Two starts later, he's beginning to look overmatched.
   
David Ortiz hit his 450th homer, a colossal three-run drive, and Dustin Pedroia had three RBIs during his second consecutive three-hit game to lead the Boston Red Sox over Whitley and the Yankees 8-5 Sunday night.
   
"You're behind in the count, you're walking people and giving them extra baserunners, it usually leads to damage," manager Joe Girardi said.
   
John Lackey (9-5) labored through five innings before four Red Sox relievers pitched shutout ball the rest of the way.
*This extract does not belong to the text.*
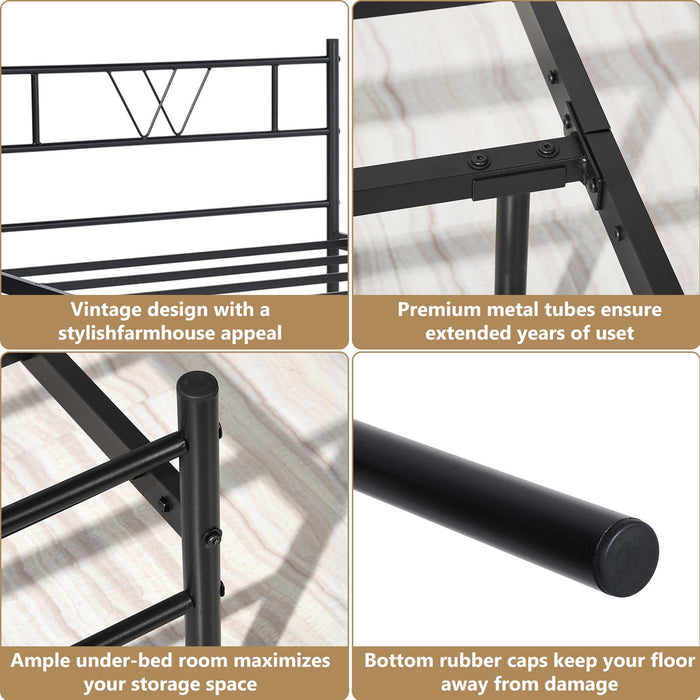 Blorly Adults Twin Metal Bed Frame with Headboard and Noise-Free Design, Black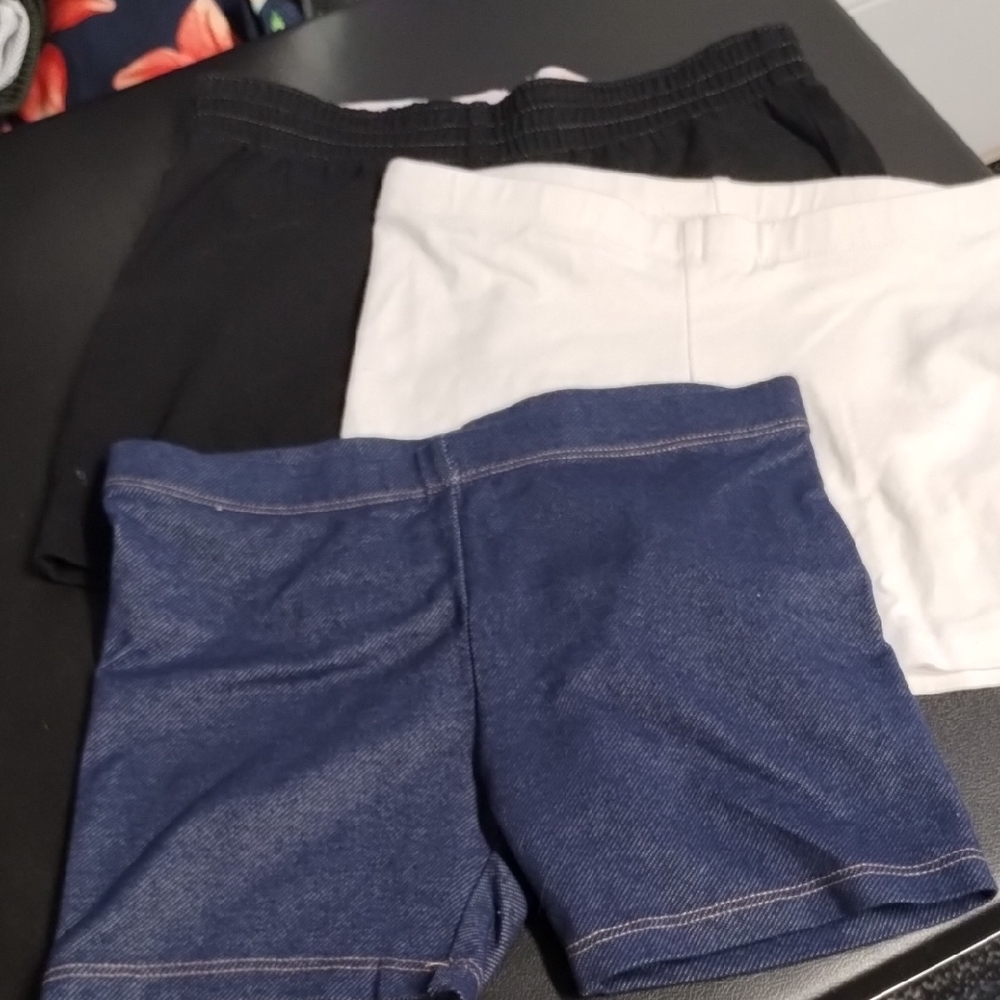 Kids Denim, Black, and White Shorts Set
Held to two runs in the first two games of the series, Boston took two of three anyway to finish a 4-6 road trip.
   
"I always believe that when you play against guys in your division, those are series you've got to win," said Carlos Beltran, who homered, doubled and finished with three hits.
   
Mark Teixeira also went deep for the Yankees, who have dropped six of eight. Whitley (3-2) struggled for the second straight start as six New York pitchers combined for eight walks.
   
Mostly a reliever in the minors, the 25-year-old right-hander is one of three subs holding down spots in New York's injury-depleted rotation. He was pitching well until last Monday, when Whitley was rocked for eight runs and 11 hits in 3 1-3 innings of an 8-3 loss in Toronto, ending a three-start winning streak.
   
This time, he gave up five runs and eight hits in four-plus innings, raising his ERA from 2.56 to 4.70 in a span of two starts.
   
"I think he had better stuff tonight," Girardi said. "He made some mistakes in the middle that they didn't miss. Last time, he really didn't have his stuff."
   
Pedroia made a diving play at second base to limit a Yankees rally, and center fielder Jackie Bradley Jr. threw out Beltran at the plate to keep the score 8-5 in the sixth.
   
It was Bradley's ninth assist of the season.
   
"Changed the momentum of the game," Red Sox manager John Farrell said.
   
Koji Uehara worked a perfect ninth for his 18th save in 19 attempts.
   
Pedroia bounced a hit-and-run single through the right side in the third, and Ortiz was booed by the sellout crowd of 48,124 as he stepped to the plate. The slugger answered with a long drive well into the raised bleachers in right-center to make it 4-0.
   
Ortiz tossed his bat aside and took his time on a wide trot around the bases, saluting his family in the stands as he approached third base.
   
"My son, he always enjoys watching daddy go deep. He was dancing," Ortiz said.
   
The home run put Big Papi in sole possession of 37th place on the career list, two behind Adam Dunn and Red Sox Hall of Famer Carl Yastrzemski.
   
Handed a comfortable cushion, Lackey grew frustrated and shook his head as Brett Gardner and Derek Jeter fouled off pitch after pitch in the third. They combined to see 21 pitches in consecutive at-bats, and Lackey screamed, cursed and gestured wildly when Jeter grounded an RBI single to right.
   
Perhaps worn down a bit, Lackey gave up solo homers to Teixeira and Beltran in the fourth, cutting it to 4-3.
   
But then Whitley and reliever Shawn Kelley threw 10 straight balls to begin the fifth, combining to walk the bases loaded with none out. Pedroia blooped a two-run single and later stayed in a rundown long enough for Daniel Nava to score from third.
   
"I'm most frustrated with the pitch to Ortiz, obviously, and the walk to Bradley that set up the fifth. That was unacceptable," Whitley said.